Around that time, a group of artists in Cork were working to establish the National Sculpture Factory in the Old Power House on Albert Road. Reilly was one of the first to take a studio on the premises.

“The building was full of repossessed furniture and ballot boxes,” he says. “I had a space in one corner. I bought a second-hand welder and went to the scrapyard to get material and started working. There was no toilet, so I used Lucozade bottles. I remember another artist coming in one day. She saw all these bottles and said, oh, that’s really interesting. She thought I was making some kind of installation.” 

Much as Reilly loved making art, he always needed other income streams to cover his expenses. At an exhibition opening, he got chatting to Mary O’Donnell of the Archaeology Dept at UCC, and asked if she knew of any jobs going on digs. 

“Mary mentioned that there was a research project starting on a ringfort in Garranes. I got taken on. I had a motorbike at the time, so I was driving out every day. It was idyllic. I remember after the first week being handed a cheque, and it was the most money I’d ever got for a week’s work in my life.” 

Reilly continued working on digs, going from one contract to another, for the next ten years or so. When an opportunity arose to study archaeology at evening classes at UCC, he went all in, completing a degree in 1995.

He also continued making art, exhibiting in solo and group shows in Ireland, Europe, China and America, until eventually he returned to education once more, completing an MA in Fine Art Sculpture at the Winchester College of Art and Design in 1999.

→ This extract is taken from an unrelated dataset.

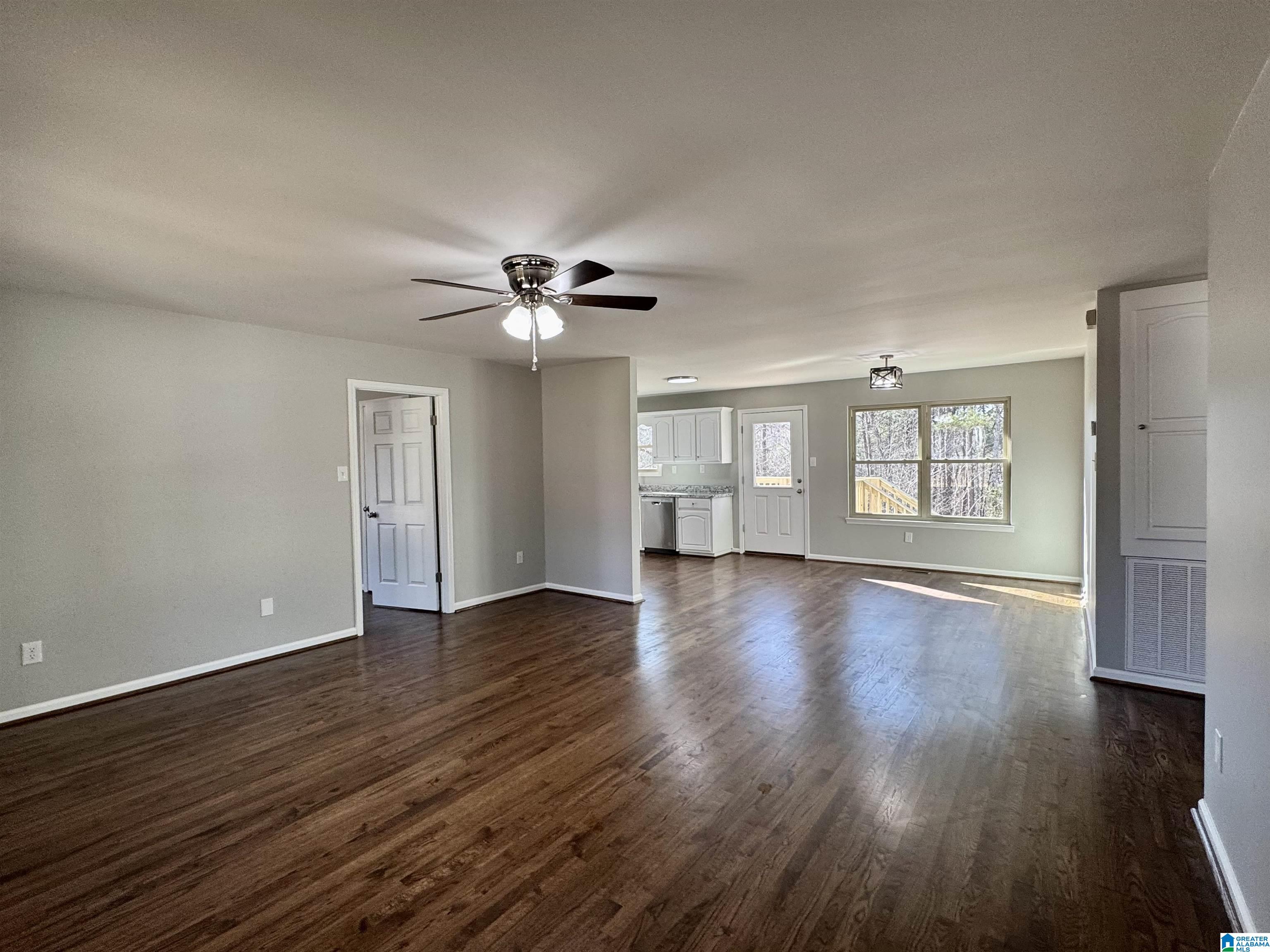 380 White Springs Road Warrior, AL 35180 - Photo 19 of 53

On returning to Cork, he sought out a new studio space, somewhere he could work on his own. 

One of Ben Reilly's pieces. 
One of Ben Reilly's pieces. 

“I wrote to the City Council,” he says, “asking if there was an empty building I could use for a short period of time. I told them I’d just do a project, and be gone. I heard later that when they looked at my portfolio, one guy said, all this stuff is about dead people, why don’t we give him the old city morgue on White Street?” 

Until a few years before, the morgue was where doctors and coroners had performed autopsies on accident victims. When he got in, Reilly was surprised to find that the slabs for laying out the dead were still in place, along with a bath and a sink, and an angle grinder that was still plugged in and had stains on it that looked like blood. “It was like the staff had just laid down their tools and walked out,” he says.

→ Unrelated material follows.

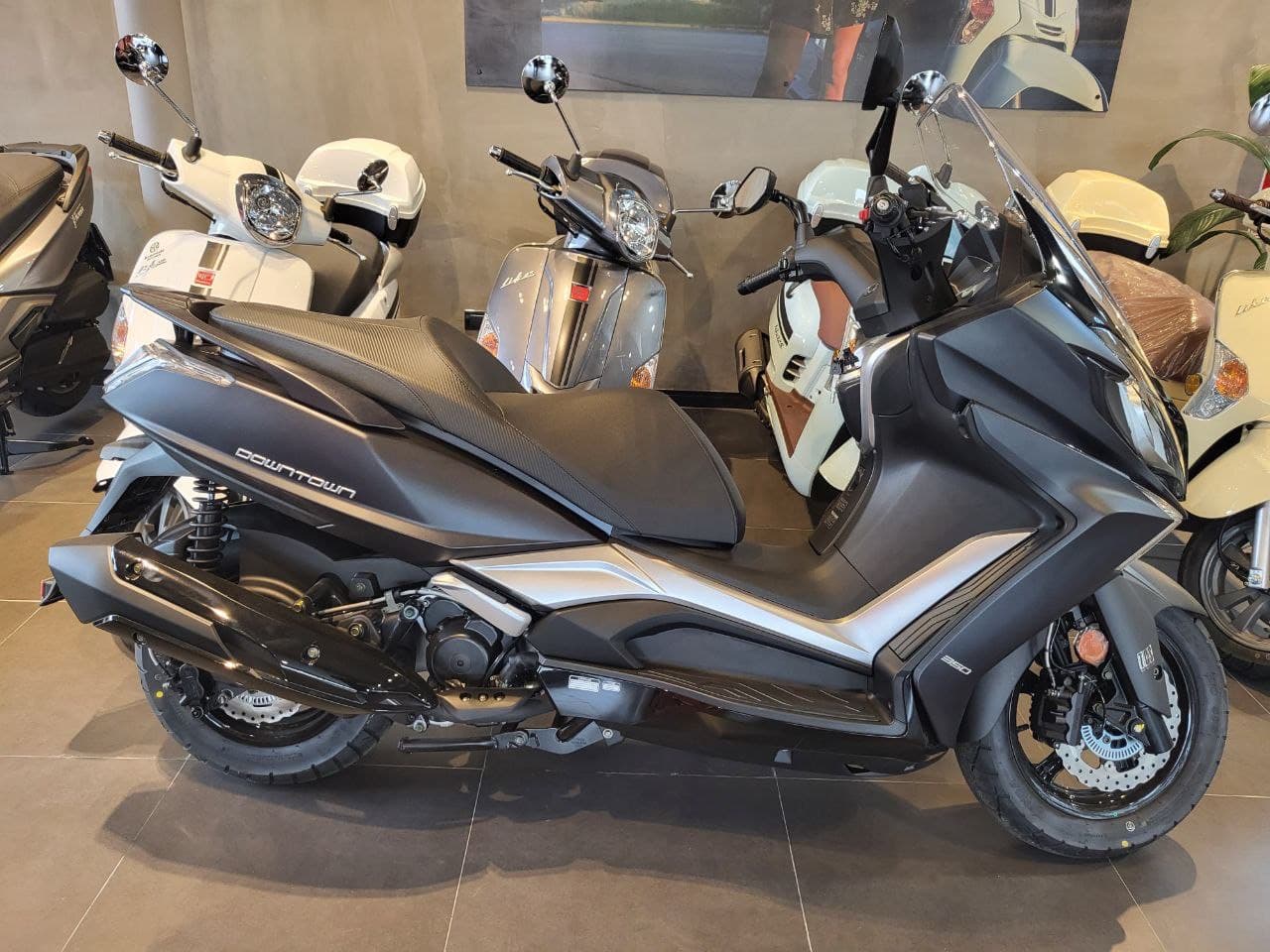 Kymco Downtown 350 I Foto #12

Reilly had intended using the space as a studio for six months, but ended up staying for 18. However, he was never satisfied with the work he produced there. “I mean, in hindsight, it probably wasn’t the healthiest place to be.” 

It was around this time that he began teaching workshops in secondary schools. Eventually, he was hired to teach sculpture on the portfolio preparation course at St John’s Central College in Cork, and then, in 2003, he secured a full-time position as a Fine Art Lecturer at South East Technological University, Waterford Institute of Technology. Today, he commutes from his home in Cork during term time.

Despite the demands of teaching, Reilly spends more time than ever in the studio, he says. He is always experimenting. He made the sculptures in Familiar by carving into cuttlefish bones he sourced on the beaches in West Cork, and pouring molten alloy in to produce tin casts. The prints are etched in acid onto metal plates. Both processes he sees as forms of drawing.

“It’s only a few weeks since I finished these pieces,” he says, “but I’m itching to make new work already.”

 He remembers an occasion, back in the 1990s, when he had to sign on for the dole between jobs. “It was down in Midleton. I was telling the guy who was interviewing me about making art and doing this, that and the other to support myself. And he was kind of fascinated by the whole thing. At one stage, he said, 'So it’s a bit like a religion, is it?' At first I was thinking, no, it’s not. But then I thought, yeah, you could say that. It is a bit like a religion.”